◆ **Dataset section**:
--------

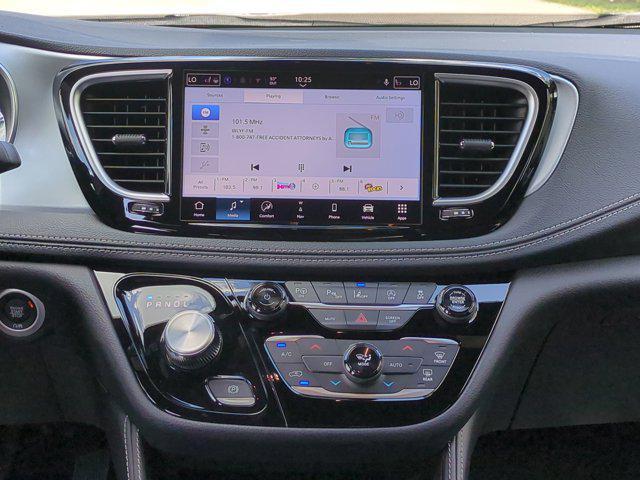 new 2025 Chrysler Pacifica car, priced at $46,323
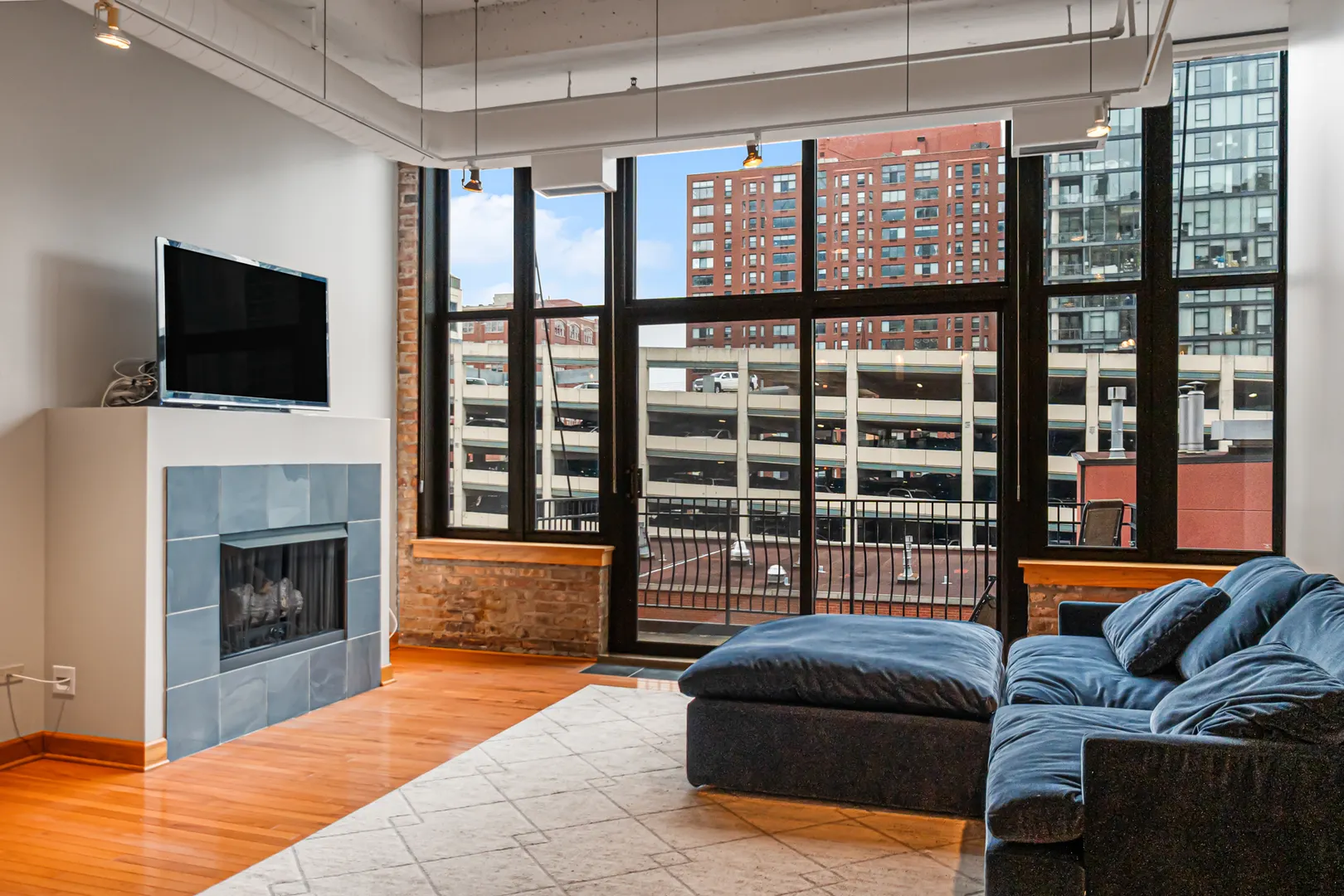 333 W HUBBARD Street IL #604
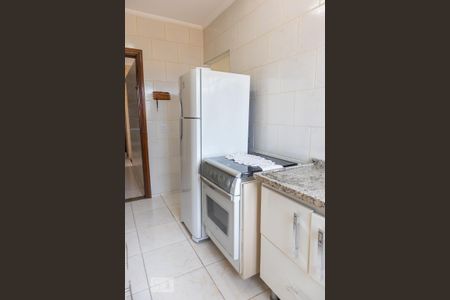 Casa à venda com 223m², 3 quartos e 4 vagasCozinha do quarto de serviço 2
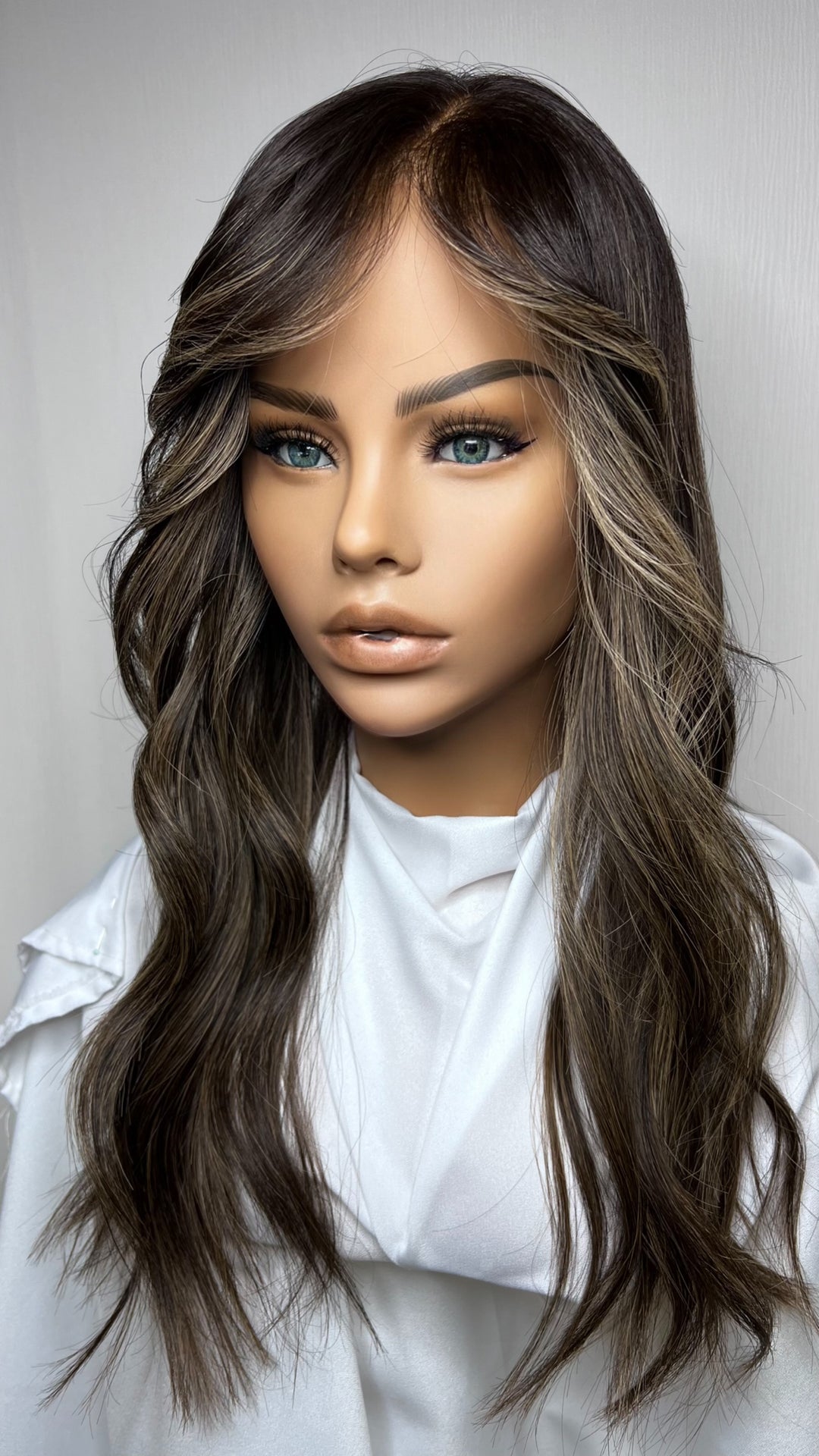 Rosie- Preowned-Lace Cut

--------

◆ **Action item**:
Everything in the listing, except its images, should be set down exactly.

◆ **Result**:
 new 2025 Chrysler Pacifica car, priced at $46,323
 333 W HUBBARD Street IL #604
 Casa à venda com 223m², 3 quartos e 4 vagasCozinha do quarto de serviço 2
 Rosie- Preowned-Lace Cut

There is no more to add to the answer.